On October 20, 2025, the Treasury and the IRS released proposed regulations (REG‑109742‑25 (the “Proposed Regulations”)) that would remove the “foreign‑controlled domestic corporation” look‑through rule previously included in final regulations issued on April 24, 2024 (the “Prior Regulations”).1 Under the Prior Regulations, the corporate look‑through rule applied in determining whether a “qualified investment entity,” including a REIT, qualifies as a “domestically controlled” REIT (“DC REIT”) under the Foreign Investment in Real Property Tax Act of 1980 (“FIRPTA”). Foreign persons generally are exempt from U.S. federal income tax that would otherwise be imposed under FIRPTA on gain from the sale of stock of a DC REIT, making DC REITs advantageous vehicles for holding U.S. real property interests.

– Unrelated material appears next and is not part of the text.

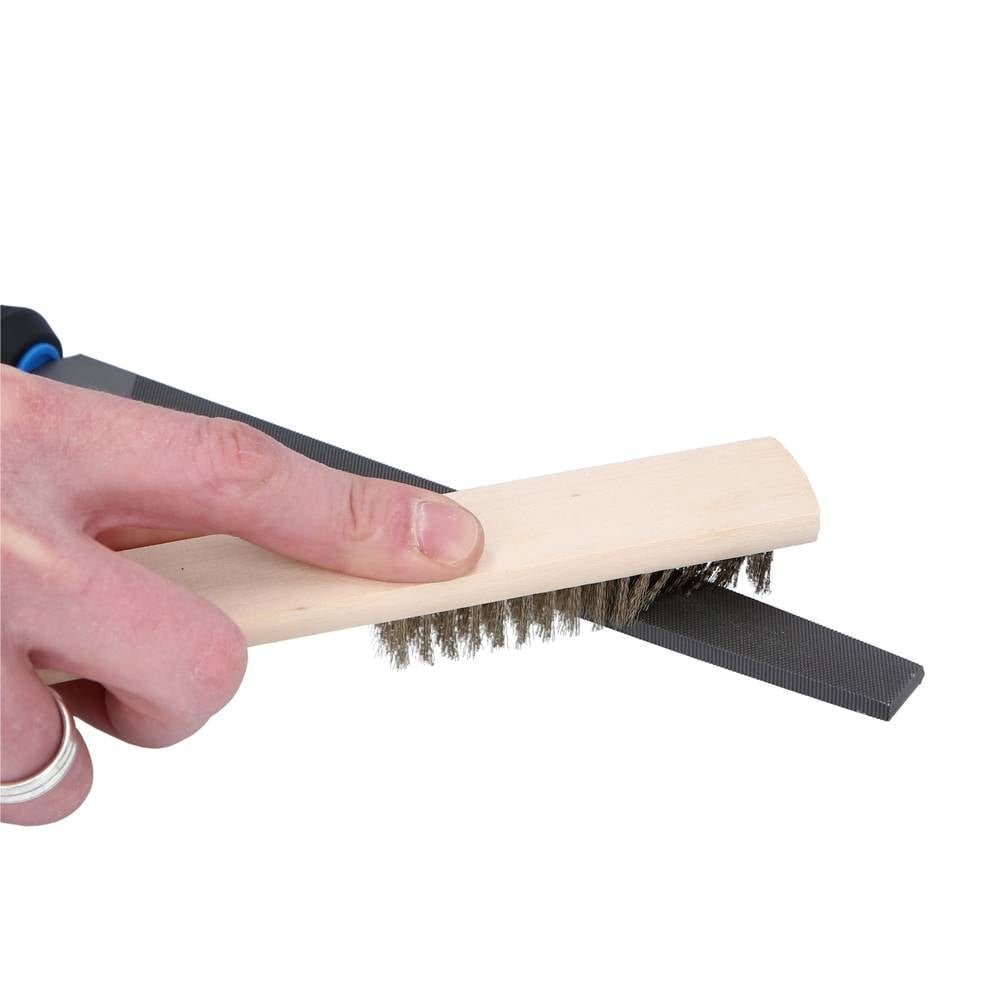 Brilliant Tools Feile Feilen-Satz mit Feilenbürste, 19-tlg BT103030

Under the Prior Regulations, a “foreign‑controlled domestic corporation” generally is a non‑public domestic “C” corporation in which foreign persons hold, directly or indirectly, more than 50% of the outstanding stock (by value) at any time during a five-year “lookback” period preceding the disposition that is tested for DC REIT status. The Prior Regulations treated a foreign‑controlled domestic corporation as a “look‑through person” and as a result, its foreign shareholders are treated as foreign persons for purposes of determining whether a REIT is domestically controlled, making it more difficult to qualify as a DC REIT. The Prior Regulations (including proposed regulations issued in December 2022) were the subject of significant criticism, including that they were inconsistent with longstanding Treasury regulations, a non-binding IRS private ruling,2 legislative action and general U.S. federal income tax principles.
The Proposed Regulations treat all domestic C corporations as “non‑look‑through persons” for purposes of determining whether a REIT is a DC REIT, thereby counting a domestic corporate shareholder of a REIT as a U.S. person – regardless of their foreign ownership percentage.
The Proposed Regulations include an example in which a REIT whose stock is held 51% by a non‑public domestic C corporation and 49% by nonresident alien individuals is a DC REIT because the domestic C corporation is a non‑look‑through person.
Taxpayers may rely on the Proposed Regulations for transactions occurring before the date the Proposed Regulations are finalized. If finalized, the Proposed Regulations would also effectively eliminate the application of the look‑through rule for any period after April 24, 2024.
- The Prior Regulations were covered in a previous Ropes & Gray Alert.
- See PLR 200923001, which was later revoked by PLR 202449011.